Building an SDK 0.1.0 – Improving SOR data sourcing

Intro

A big focus for Balancer Labs this year is to make it really easy to build on top of the protocol. To aid in that we’re putting together the `@balancer-labs/sdk npm package. As the current lead in this project I thought I’d try and document some of the work to help keep track of the changes, thought process and learning along the way. It’ll also be useful as a reminder of what’s going on!

SOR v2

Some background

We already have the Smart Order Router (@balancer-labs/sor), a package that devs can use to source the optimal routing for a swap using Balancer liquidity. It’s used in Balancers front-end and other projects like Copper and is a solver for Gnosis BGP. It’s also used in the Beethoven front-end (a Balancer friendly fork on Fantom, cool project and team and worth checking out).

The SOR is also used and exposed by the SDK. It’s core to making swaps accesible but is also used for joining/exiting Boosted Pools which uses PhantomBpt and swaps (a topic for another time I think!).

SOR Data

The diagram below shows some of the core parts of the SOR v2.

To choose the optimal routes for a swap the SOR needs information about the Balancer pools and the price of assets. And as we can see from the diagram the sourcing of this data is currently very tightly coupled to the SOR. Pools data is retrieved from the Subgraph and updated with on-chain balances using a multicall.
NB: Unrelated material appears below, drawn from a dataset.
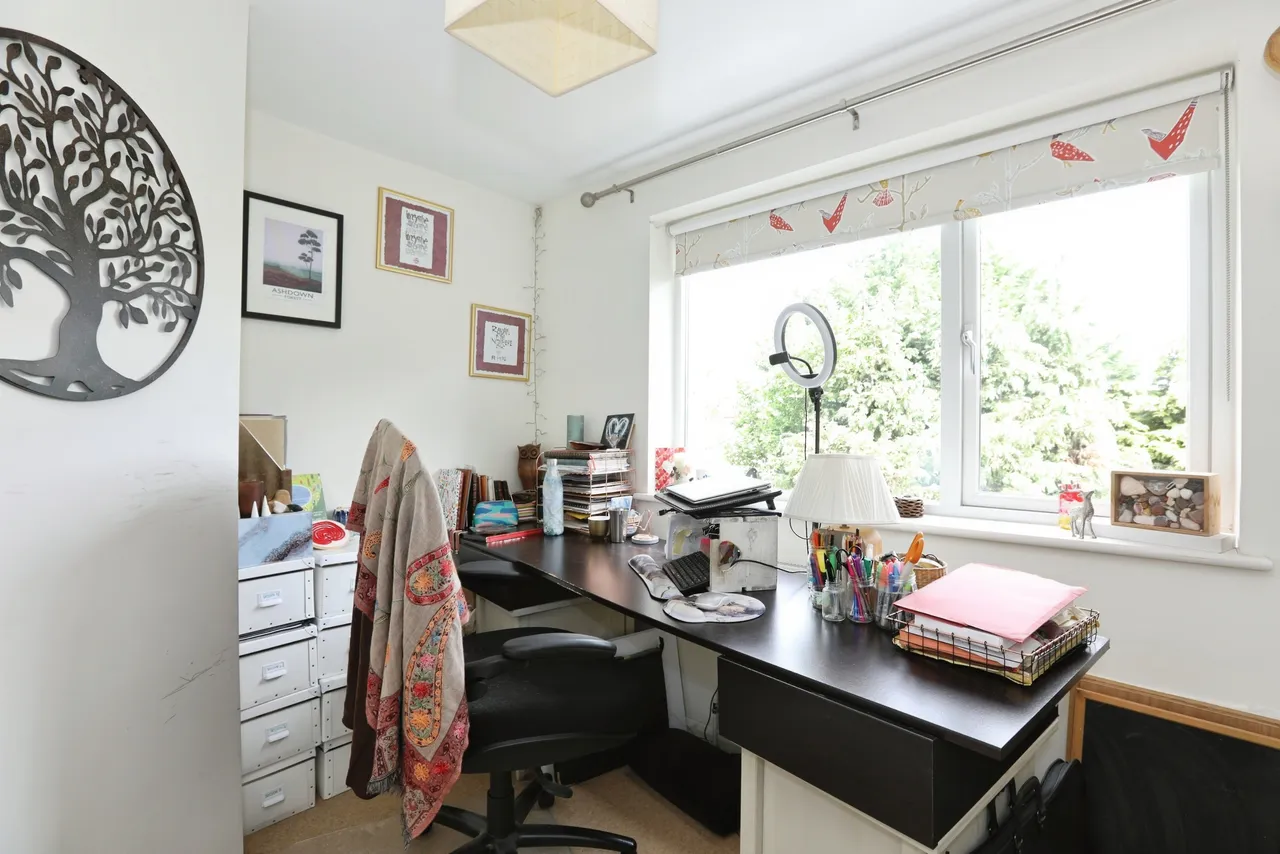 Park Crescent, Forest Row, RH18, photo 13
And asset pricing is retrieved from CoinGecko.

Recently Beethoven experienced a pretty large growth spurt and found there were some major issues retrieving data from the Subgraph. They also correctly pointed out that CoinGecko doesn’t always have the asset pricing (especially on Fantom) and this information could be available from other sources.

After some discussions with Daniel (a very helpful dev from Beethoven) it was agreed that a good approach would be to refactor the SOR to create composability of data fetching so the user is able to have more control over where data is coming from. With this approach, the SOR doesn’t need to know anything about CoinGecko or the Subgraph and the data could now come from anywhere (database, cache, on chain, etc.), and as long as it implements the interface, the SOR will work properly.

Changes – SOR v3

I came back from Christmas break and Daniel had made all the changes – friendly forks for the win 💪! The interface changes are breaking but the improvements are worth it – SOR 3.0.0.

Config

The goal was to remove all the chain specific config from the SOR and pass it in as a constructor parameter. This helps to avoid non-scalable hard-coded values and encorages a single source of truth. It also gives more flexibility for the variables and makes the code easier to test.
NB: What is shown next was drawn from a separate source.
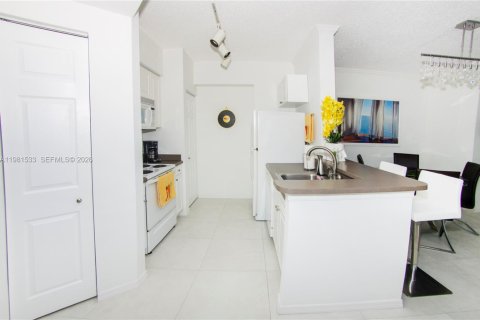 Condo in Sunny Isles Beach, Florida, 1 bedroom  № 2042968 - photo 17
There is now the SorConfig type:

export interface SorConfig {
    chainId: number;
    weth: string;
    vault: string;
    staBal3Pool?: { id: string; address: string };
    wethStaBal3?: { id: string; address: string };
    usdcConnectingPool?: { id: string; usdc: string };
}

Pool Data

The goal here is to allow for flexibility in defining where the pool data is fetched from. We define a generic PoolDataService that has a single function getPools, which serves as a generic interface for fetching pool data. This allows allow for any number of custom services to be used without having to change anything in the SOR or SDK.

export interface PoolDataService {
    getPools(): Promise<SubgraphPoolBase[]>;
}

Approaching it this way means all the Subgraph and on-chain/multicall fetching logic is removed from the SOR. These will be added to the Balancer SDK as stand-alone services. But as a simple example this is a PoolDataService that retrieves data from Subgraph:

export class SubgraphPoolDataService implements PoolDataService {
    constructor(
        private readonly chainId: number,
        private readonly subgraphUrl: string
    ) {}

    public async getPools(): Promise<SubgraphPoolBase[]> {
        const response = await fetch(this.subgraphUrl, {
            method: 'POST',
            headers: {
                Accept: 'application/json',
                'Content-Type': 'application/json',
            },
            body: JSON.stringify({ query: Query[this.chainId] }),
        });

        const { data } = await response.json();

        return data.pools ?? [];
    }
}

Asset Pricing

The goal here is to allow for flexibility in defining where token prices are fetched from. We define a generic TokenPriceService that has a single function getNativeAssetPriceInToken. Similar to the PoolDataService this offers flexibility in the service that can be used, i.e. CoingeckoTokenPriceService or SubgraphTokenPriceService.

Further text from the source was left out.